Let us not hold our breaths. There are many in power or leeching on its fringes who will be perfectly happy as South Africa de-industrialises, as our doctors and engineers flee, as our skilled farmers trek, as our entrepreneurs relocate, in short, as our “brains” drain. With less and less to redistribute, our new elites will remain consumers, not producers, unless we change radically.
For Mbeki’s suggestions as to how we change, I strongly suggest you read his book. As is customary, on the cover the author is depicted in words that must at least have been approved by him. His political path, his business and academic interests are summarised. But first, he is described as “a journalist, private business entrepreneur and political commentator”.

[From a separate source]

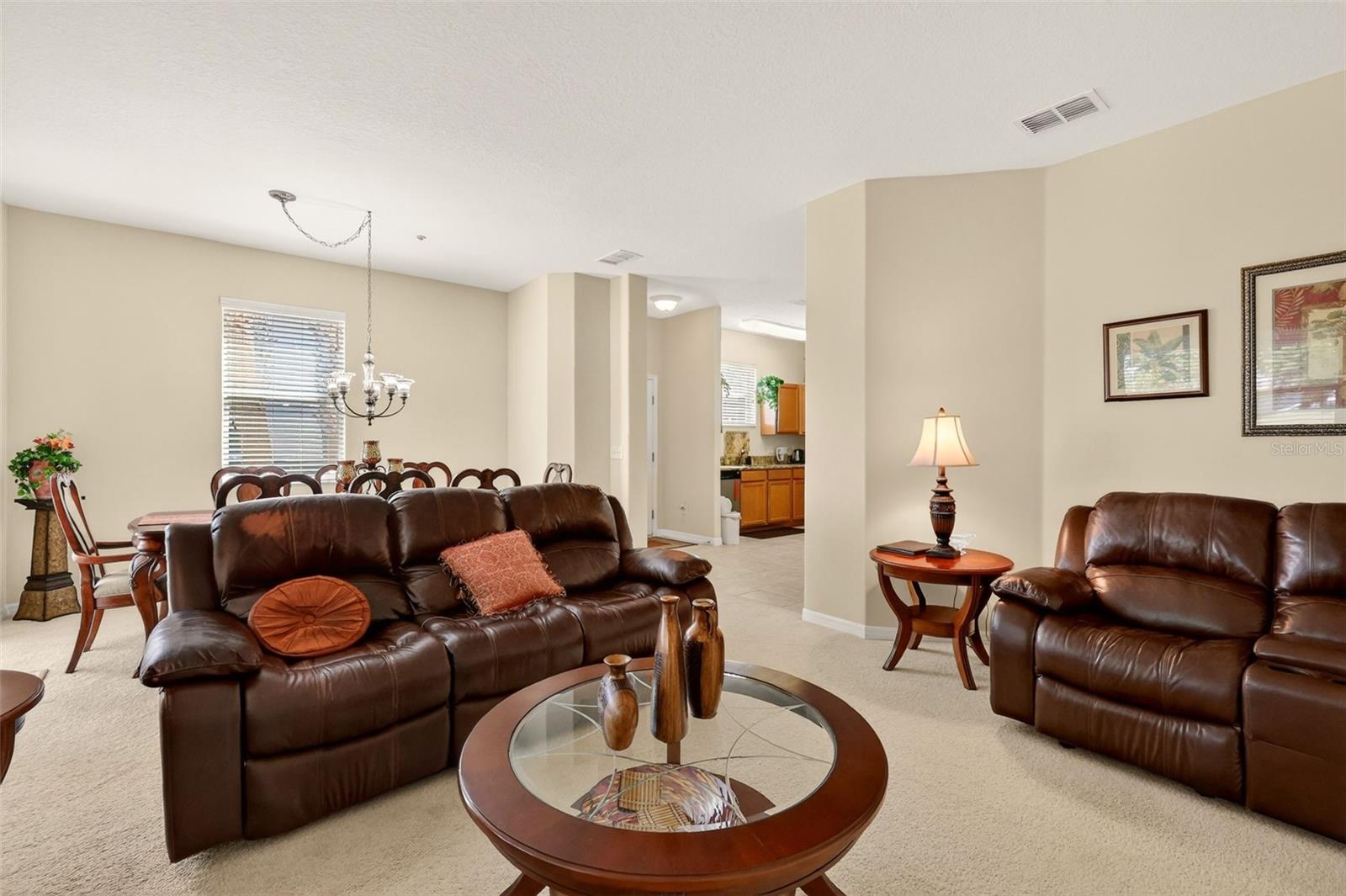 Image 17 of 35 For 1323 Priory Circle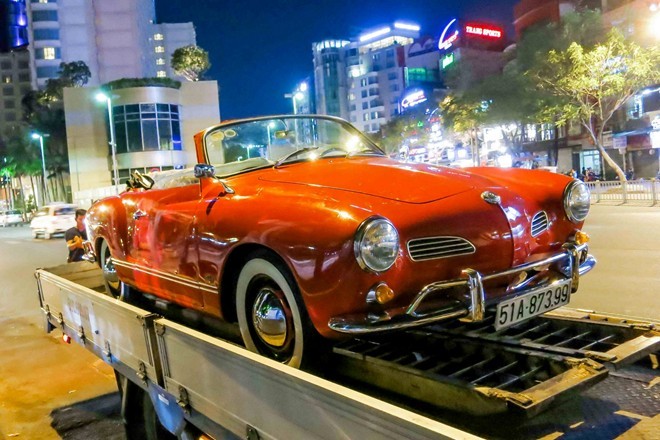  Volkswagen Karmann Ghia là sản phẩm kết hợp giữa khung xe Type 1 trên Beetle và kiểu dáng được thiết kế bởi Luigi Segre (Italy) của hãng Ghia Carrozzeria. Cuối cùng, xe được lắp ráp bằng tay bởi hãng Karmann của Đức.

Interesting that he should accept — even claim — the label of journalist, at a time when this occupation is more undervalued, and more under pressure, than ever. It suggests that he sees himself in the primary role of journalism: speaking truth to power while informing citizens about what is being done in their name. This task requires, above all, a keen ethical sense and the ability to clarify complex issues and happenings, while explaining them fairly and accurately. Moeletsi Mbeki has most certainly done this in Architects of Poverty, between whose covers clarity reigns supreme. One need not agree with everything, but one can understand all: an accolade of which any journalist might be proud. This small book deserves a wide readership.